Google continues to be plagued by competitors’ allegations that the company gives special preference to its own products and services in its search rankings.. The two investigations — called Civil Investigative Demands, or CIDs — by the state of Texas, were launched in July 2010 and May 2011 for similar reasons, and the tech giant is also currently under fire from federal lawmakers and the European Union
Texas Attorney General Greg Abbot — along with several other various high-level state law enforcement officials — filed the suit Monday on behalf of the Antitrust Division of the State of Texas to force Google. They are demanding, through court order, that Google hand over documents being withheld under attorney-client privilege.
The company had already produced several hundred thousand documents to the state on a rolling basis beginning in August 2010, but Texas is demanding more after Google told the state that 14,500 documents were being withheld under attorney-client privilege. Abbot contends that Google has not “met its burden of demonstrating that the privilege is applicable to many of the documents in question.”
An email between a Google vice president and his superior inadvertently released to Abbot’s office among the several thousand documents is what caught the state attorney general’s attention. The email, Abbot lays out in the filing, is not between attorney’s — although it was labeled to be protected by attorney-client privilege — and it “makes no reference to legal advice.”

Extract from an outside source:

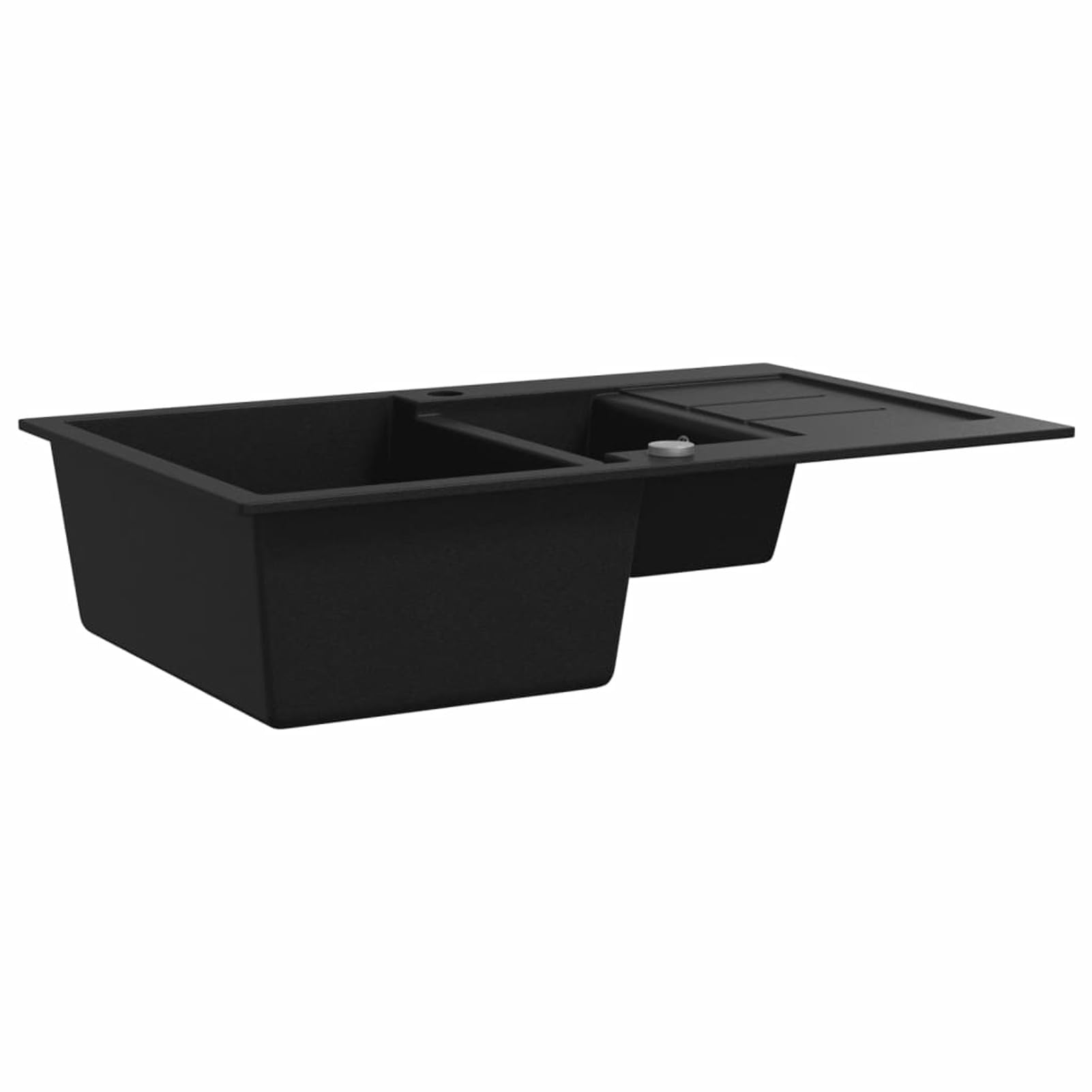Fregadero de Cocina de Granito Negro - 80% Cuarzo, 20% Resina, Reversible, 800x500x306mm, Instalación Sobrepuesta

“The email at issue is a communication between non-lawyer Google executives discussing their recommendation to change how Google uses review content from competing sites and the process for presenting this recommendation to Google’s management for discussion and decision,” said the filing. Google’s counsel requested that the Attorney General’s office delete all copies of that email, which Abbot refuses to do.
“The document is highly relevant to the conduct being investigated by the Attorney General’s office,” said the filing.
Abbot contends in the filing that it believes that the representative sampling of documents it prepared for the court to review “will likely demonstrate that Google has significantly overreached in its effort to prevent disclosure of documents to the CIDs,” and that it would provide the Court with the privilege log of entries for these documents, and including the redacted versions, to review.
Google did not respond to TheDC’s request for comment by the time of publication.
Update: In a statement to TheDC, a Google spokesperson said, “We have shared hundreds of thousands of documents with the Texas Attorney General, and we are happy to answer any questions that regulators have about our business.”